As a team, our first goal was to design the system necessary to accomplish our goal. We realized that we would likely need a service running inside a cluster that could report information to the outside world - something we affectionately began to refer to as the "Watcher" service. This service would have easy access to the Kubernetes API, and more specifically the Events API, using Cluster Roles. Originally, we thought we might also be able to develop an alternative setting for the Watcher Service that would allow it to be run outside the cluster as well - however this idea was ultimately abandoned in favor of completing other aspects of the project.

Our original design mockup for the Wacther Service and its interaction with other components of the application.

The Watcher Service would have a simple job - receive information form the cluster Events API about the status of the cluster and its pods, and relay that information outwards as a webhook. We decided that we would allow the user to decide if the information would be sent to our own PodWatch Web Service, or relayed to their own custom server where they could process the information however they see fit.

The Watcher Service was my main area of focus, and I'm proud of how robust I was able to build it while keeping the code simple. I used Joi validation to ensure that all environment variables were valid, I used dependency injection patterns to ensure that the components could all easily be tested with mock interfaces, and I kept the code clean and organized throughout. The most complex aspect was receiving and processing event streams from the Kubernetes API. This data came in JSON format but was chunked, and therefore required setting up custom Transform class for processing the JSON chunks into objects.

  /**
   * Transforms the stream of data into JSON objects.
   * @param chunk A chunk of data from the stream that may contain multiple or partial JSON objects.
   * @param encoding
   * @param callback A callback to be called when the chunk has been processed.
   */
  _transform(chunk: any, encoding: any, callback: any) {
    this.buffer += chunk.toString();

    let jsonEndIndex = 0;
    while ((jsonEndIndex = this.buffer.indexOf('}', jsonEndIndex + 1)) !== -1) {
      try {
        const jsonObject = JSON.parse(this.buffer.slice(0, jsonEndIndex + 1));

        this.buffer = this.buffer.slice(jsonEndIndex + 1);

        this.emit('json', jsonObject);
      } catch (err) {}
    }

    callback();
  }

Additionally, cases had to be handled where the Kubernetes API would close the piped event stream, to ensure that it was always immediately reopened and that streamed events resumed based on the last resource version received.

    /**
   * Establishes an event stream from the Kubernetes API. The stream will be piped to a JSON parser that will emit JSON objects as they are received.

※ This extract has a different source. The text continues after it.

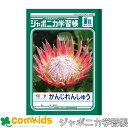 ジャポニカ学習帳 かんじれんしゅう 50字十字リーダー入り ショウワノート JL-48 漢字練習帳 ノート 小学生 文房具 1年生 2年生 3年生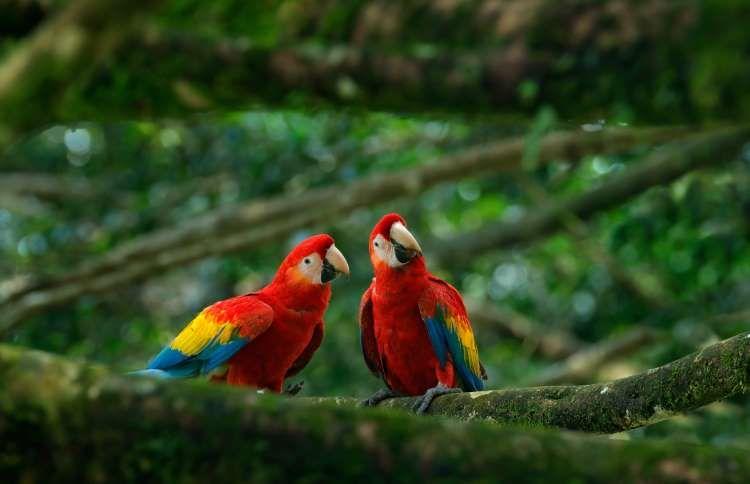 五彩文鸟(七彩文鸟最贵品种)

The JSON objects will then be dispatched to the event dispatcher.
   */
  private async establishEventStream() {
    const params = new URLSearchParams();
    params.set('watch', 'true');
    if (this.resourceVersion) {
      params.set('resourceVersion', this.resourceVersion);
    }

    const endpoint = `/api/v1/events?${params.toString()}`;
    this.logger.log('Establishing event stream from endpoint: ', endpoint);

    try {
      const response = await this.kubernetesInstance.get(endpoint, {
        responseType: 'stream',
      });
      this.stream = response.data as Readable;
      this.stream.pipe(this.jsonStreamParser);

      this.jsonStreamParser.on('json', (event: NativeKEvent) =>
        this.handleStreamEventReceived(event)
      );
      this.jsonStreamParser.on('error', (error: any) =>
        this.handleStreamError(error)
      );
      this.jsonStreamParser.on('close', () => this.handleStreamReconnect());

      this.logger.log('Event stream established.');
    } catch (error) {
      this.handleStreamError(error);
    }
  }
  
  /**
   * Restarts the event stream after a delay. If the stream has been restarted too many times in a short period of time, the stream will not be restarted.
   * @param delay The delay in milliseconds before the stream will be restarted.
   */
  private handleStreamReconnect(delay = 0) {
    this.ejectStream();
    if (this.shouldRestart()) {
      setTimeout(() => {
        this.logger.info('Attempting to reconnect to event stream');
        this.establishEventStream();
      }, delay);
    }
  }

Web Service

The backend on Podwatch is built as a robust Express server with MongoDB as a database for all users, clusters, and error events (which we called KErrors to avoid confusion with Node.js Errors. We also used Passport.js for authentication.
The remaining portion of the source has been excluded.